Department of Louisiana Membership Chairman Larry Abshire, left, congratulates Legionnaire Carl Moore following the activation of American Legion Post 450 in Shreveport, La.

Giving back to their community

There was a time when American Legion Jones Hollingsworth Post 525 in the Cooper Road area of Shreveport, La., was a thriving part of the community, as well as a strong force within the Department of Louisiana.

Chartered in 1966 and named for two black Shreveport servicemembers killed in World Wars I and II, the post “in its prime supported every function of The American Legion,” according to Louisiana Alternate National Executive Committeeman Harold D. Burson.

But for various reasons, the post closed its doors in 2002, taking that strong presence with it. Now, a group of current and former Cooper Road residents are reviving it.

On Martin Luther King Jr. Day, Cooper Road Post 450 – once a dream of former Cooper Road resident and U.S. Army veteran Carl Moore – became a reality. During a ceremony on the campus of Southern University-Shreveport, the post signed up or transferred enough new or current members to apply for a charter.

Moore, an ROTC student while attending Southern University-Baton Rouge, is from a military family. His father served in the Air Force, as did one of his brothers; another brother is a U.S. Marine.

But while Moore’s inspiration to join the military came from his family, his desire to bring The American Legion back to Cooper Road came from growing up in the area. Shreveport has a majority-black population, and its streets are named after George Washington Carver, Booker T. Washington, Joe Louis and other famous black Americans.

“We have a community where there’s nearly a veteran on every street,” Moore said. “When 525 was active, it had more than 500 members. To have a predominantly black American Legion post in an area that’s as old, historical and rich as this one, we should have had a post a long time ago.”

A schoolteacher for the past 20 years, Moore wants the post to mean something to everyone in the Cooper Road area.

“We’re fighting two wars right now,” he said. “A lot of kids coming home need help. They don’t have anywhere to go to get assistance. I want to have a place where they can go when they do come home.

“But I want to have something that will help all of the community. I want to do something special for a whole lot of people. I know it’s a process, but I do know I’ve got a lot of help.”

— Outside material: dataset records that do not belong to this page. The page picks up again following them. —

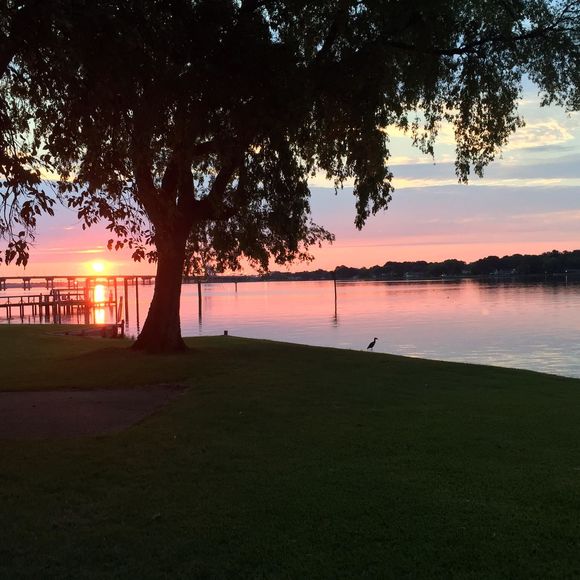 Meet your Posher, Jennifer - Picture 1 of 1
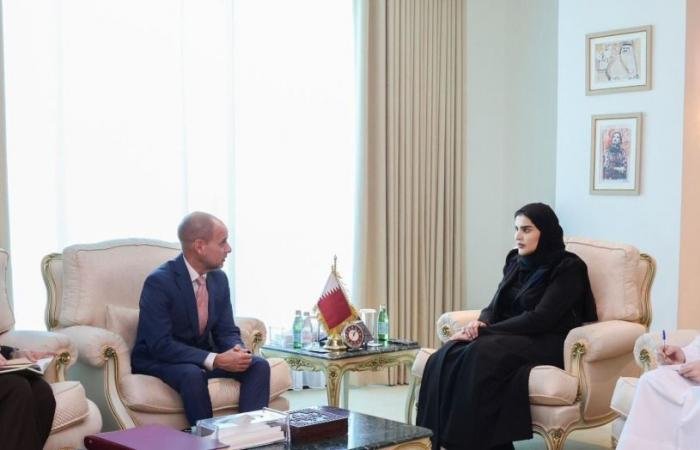 أخبار قطر | وزير الدولة للتعاون الدولي تجتمع مع المدير التنفيذي للمركز الدولي للعدالة الانتقالية | عيون الجزيرة قطر
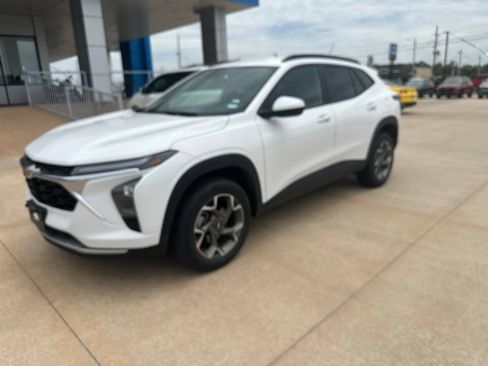 Used 2025 Chevrolet Trax LT FWD image 27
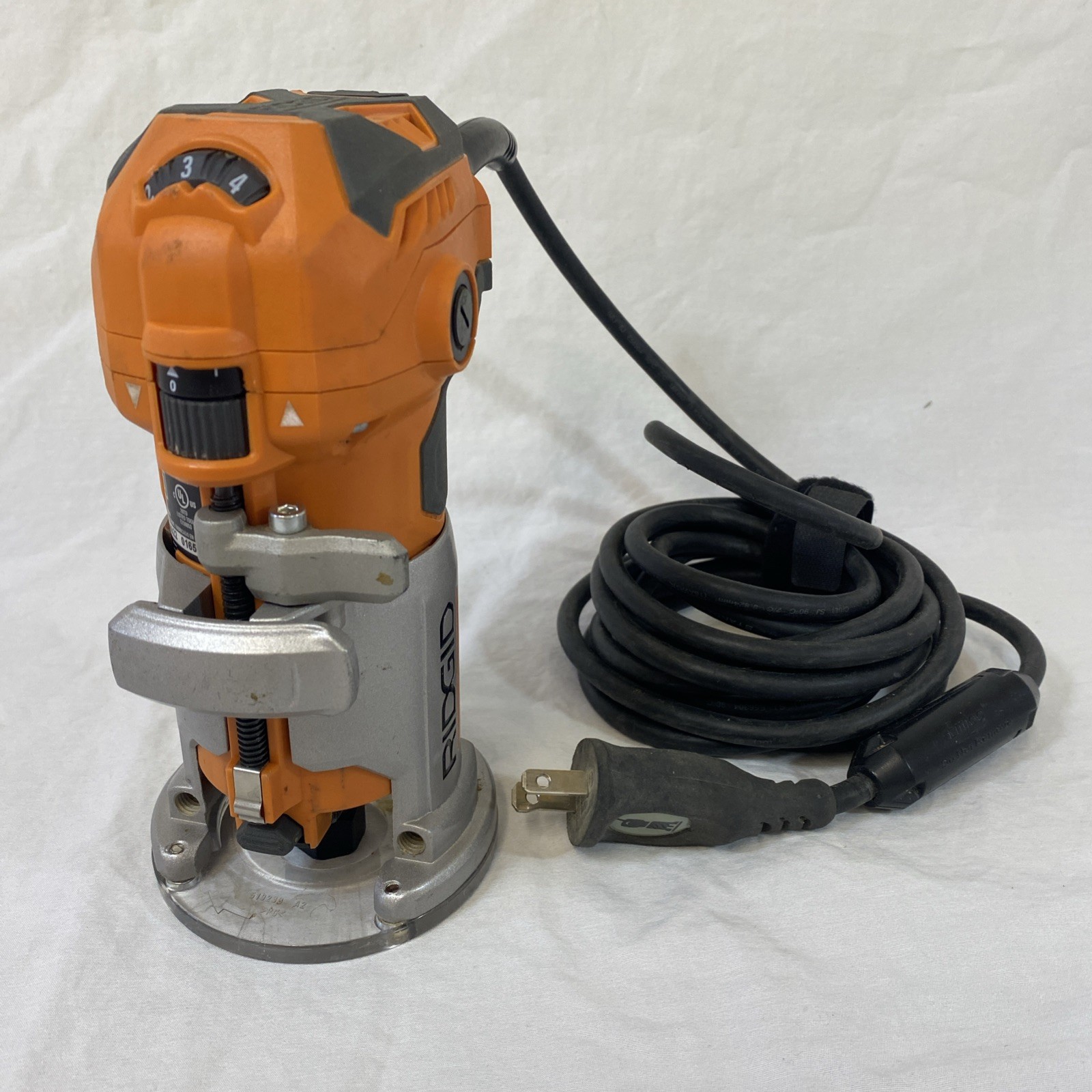 RIDGID R2401 1.5HP 5.5A Corded Compact Variable Speed Lighted Trim Router Orange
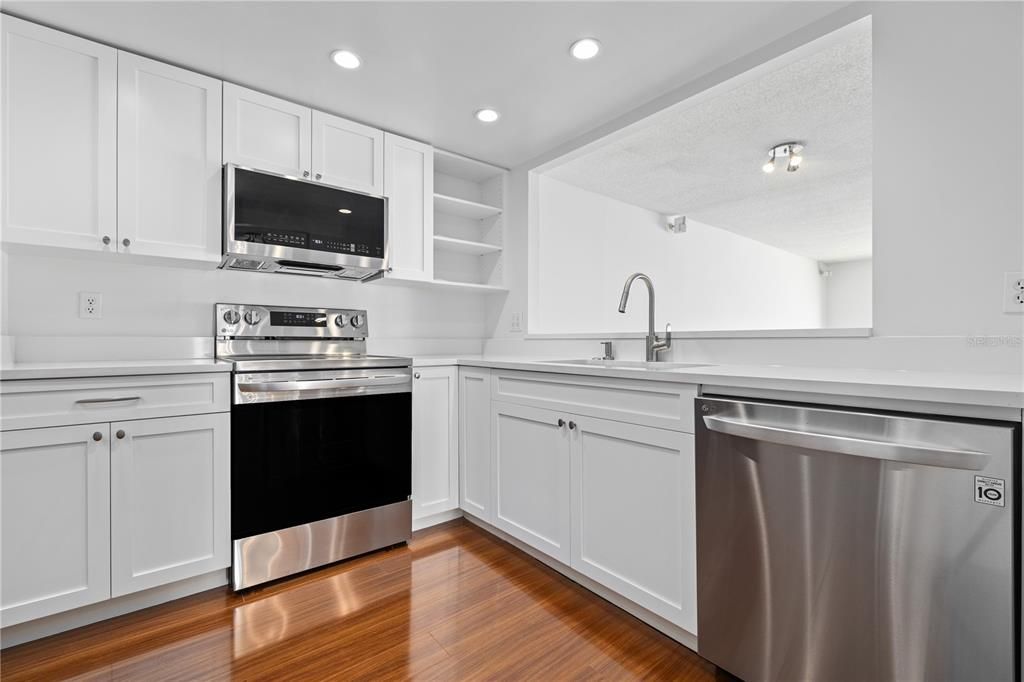 For Rent: $4,500 (2 beds, 2 baths, 1584 Square Feet)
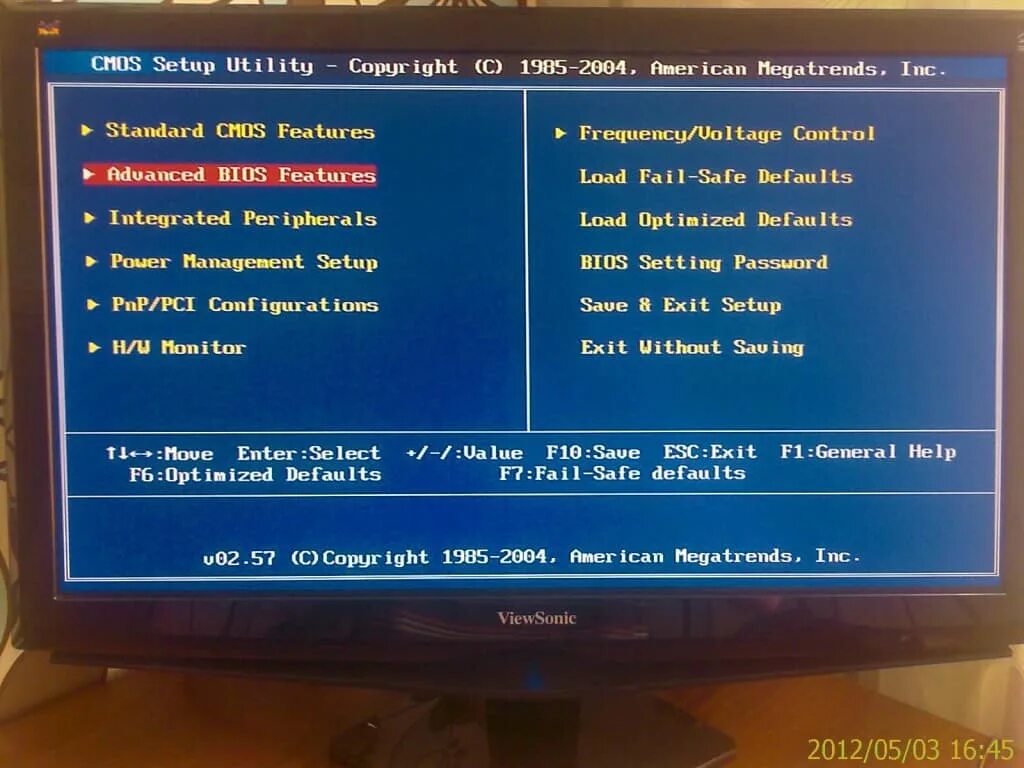 Bios setup загрузка с флешки. Загрузка с флешки в bios. флешка биоса. старый биос загрузка с флешки. загрузка флешки через биос.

That help comes from friends like retired U.S. Army Sgt. Danny Gilliam, retired U.S. Air Force Master Sgt. Carl Harris, and retired U.S. Army Col. Anthony Williams. All of them have ties to Cooper Road and were contacted by the resilient Moore about getting the post started.

It was Williams who put Moore in touch with American Legion National Membership Director Billy Johnson. Williams and Johnson served together in Germany more than 20 years ago.

Like Moore, Williams feels a sense of obligation to the post’s community.

“Cooper Road has been good to us,” he said. “Most of us grew up not knowing what we had. People in our past taught us some important things. They taught us discipline. That discipline allowed us to go where we needed to go.”

And like Moore, Williams has big plans for Post 450’s future.

“Purpose always creates vision,” he said. “As you can see, we have a vision for the future, and I think the vision always creates passion to really do what we’re called to do. At the end of the day, we really want to make a difference in the lives of people.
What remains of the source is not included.